Pentingnya Pemahaman Regulasi Baru
Dalam sambutannya, Sekretaris Dinas PUPRP Kabupaten Banjar, H. Gusti Abubakar, menekankan bahwa seluruh pemangku kepentingan di daerah wajib memahami substansi regulasi terbaru ini. Menurutnya, pemahaman yang utuh akan mempermudah implementasi serta memastikan bahwa pengawasan terhadap jasa konstruksi di Kabupaten Banjar berjalan lebih efektif, profesional, dan akuntabel.
“Peraturan ini merupakan upaya pemerintah pusat untuk memperkuat tata kelola jasa konstruksi agar lebih profesional, transparan, dan akuntabel. Oleh karena itu, partisipasi aktif dari semua pihak sangat diperlukan dalam implementasinya,” tegas Gusti Abubakar di hadapan peserta
Paparan Substansi Peraturan Menteri PUPR
Kegiatan sosialisasi ini menghadirkan Sri Sumami dari Balai Jasa Konstruksi Wilayah V Banjarmasin sebagai narasumber utama. Dalam pemaparannya, ia menjelaskan secara detail mengenai substansi Peraturan Menteri PUPR Nomor 1 Tahun 2023, mulai dari:
– Mekanisme pengawasan proyek konstruksi di daerah.
– Peran strategis pemerintah daerah dalam memastikan standar mutu dan keselamatan konstruksi.
– Standar-standar teknis yang harus dipatuhi dalam setiap penyelenggaraan jasa konstruksi.
– Sanksi dan langkah korektif apabila terjadi pelanggaran dalam pelaksanaan proyek.
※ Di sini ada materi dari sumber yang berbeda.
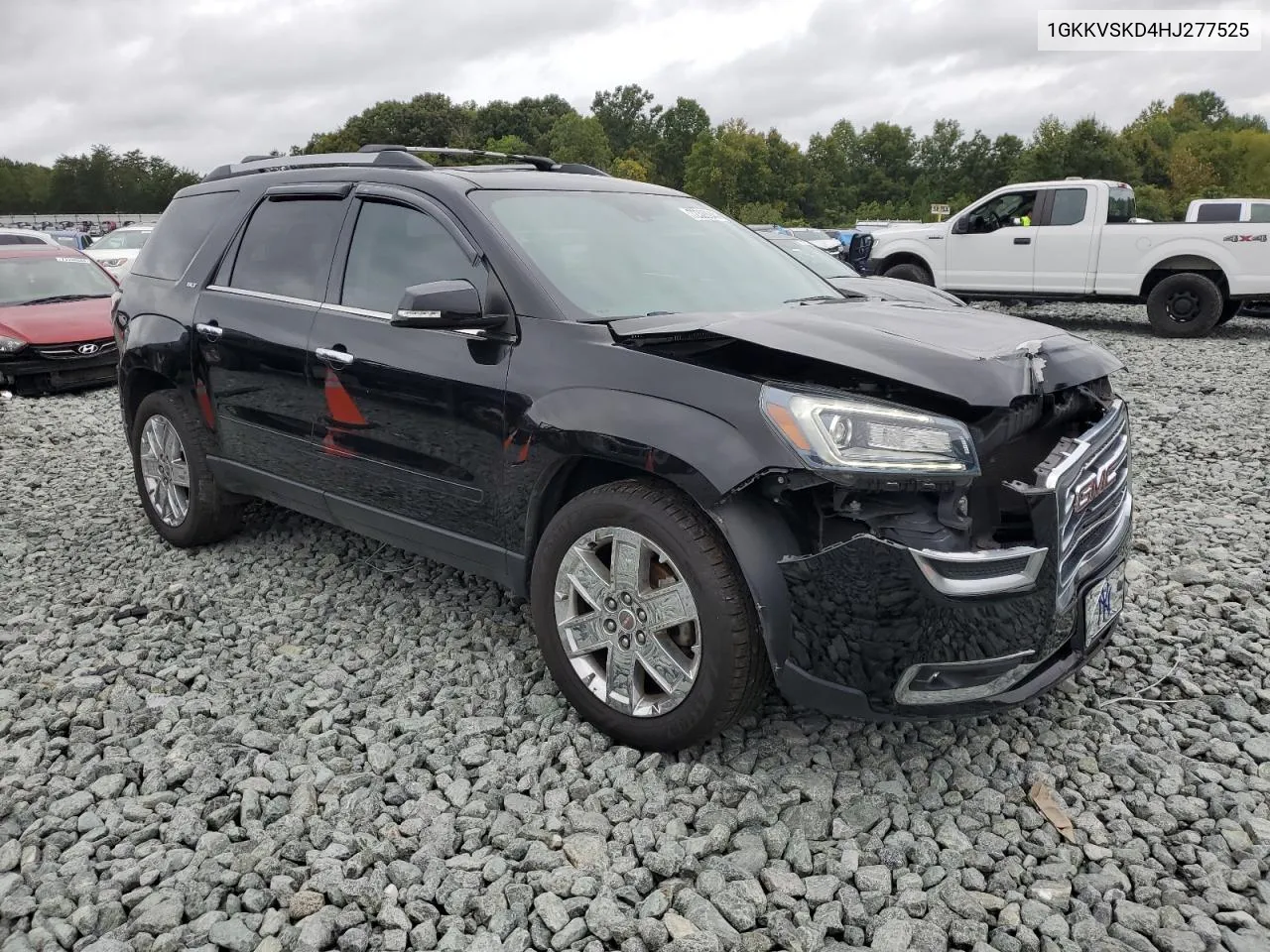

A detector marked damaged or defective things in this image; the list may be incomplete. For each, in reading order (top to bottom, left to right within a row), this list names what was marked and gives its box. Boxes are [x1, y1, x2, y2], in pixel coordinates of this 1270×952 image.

crumpled bumper [746, 399, 1127, 718]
Sri Sumami juga menekankan pentingnya keterlibatan semua pihak, baik dari pemerintah, penyedia jasa konstruksi, hingga pengawas lapangan, untuk memastikan peraturan ini benar-benar diterapkan secara konsisten.
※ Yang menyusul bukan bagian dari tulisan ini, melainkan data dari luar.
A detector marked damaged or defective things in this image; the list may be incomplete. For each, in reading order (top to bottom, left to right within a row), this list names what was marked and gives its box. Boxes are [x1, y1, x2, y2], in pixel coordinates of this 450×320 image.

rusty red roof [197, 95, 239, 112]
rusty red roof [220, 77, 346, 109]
Peserta dan Lintas Kelembagaan yang Hadir
Sosialisasi ini tidak hanya diikuti jajaran internal PUPRP, tetapi juga melibatkan berbagai pemangku kepentingan lintas sektor. Hadir dalam kegiatan tersebut Tim Inspektorat Kabupaten Banjar, perwakilan dari Bank Kalsel Cabang Martapura, serta sejumlah perwakilan dari instansi terkait di lingkungan Pemerintah Kabupaten Banjar.
Kehadiran lintas kelembagaan ini menunjukkan adanya komitmen bersama untuk meningkatkan kualitas pengawasan proyek konstruksi, sekaligus memperkuat sinergi antara pemerintah daerah, lembaga pengawas, dan pihak swasta.
Harapan untuk Tata Kelola Konstruksi yang Lebih Baik
Melalui kegiatan ini, diharapkan seluruh peserta memperoleh pemahaman yang lebih komprehensif dan aplikatif terkait regulasi baru di bidang jasa konstruksi. Dengan penerapan peraturan tersebut, proyek-proyek pembangunan di Kabupaten Banjar dapat terlaksana dengan lebih tepat waktu, sesuai anggaran, dan berkualitas.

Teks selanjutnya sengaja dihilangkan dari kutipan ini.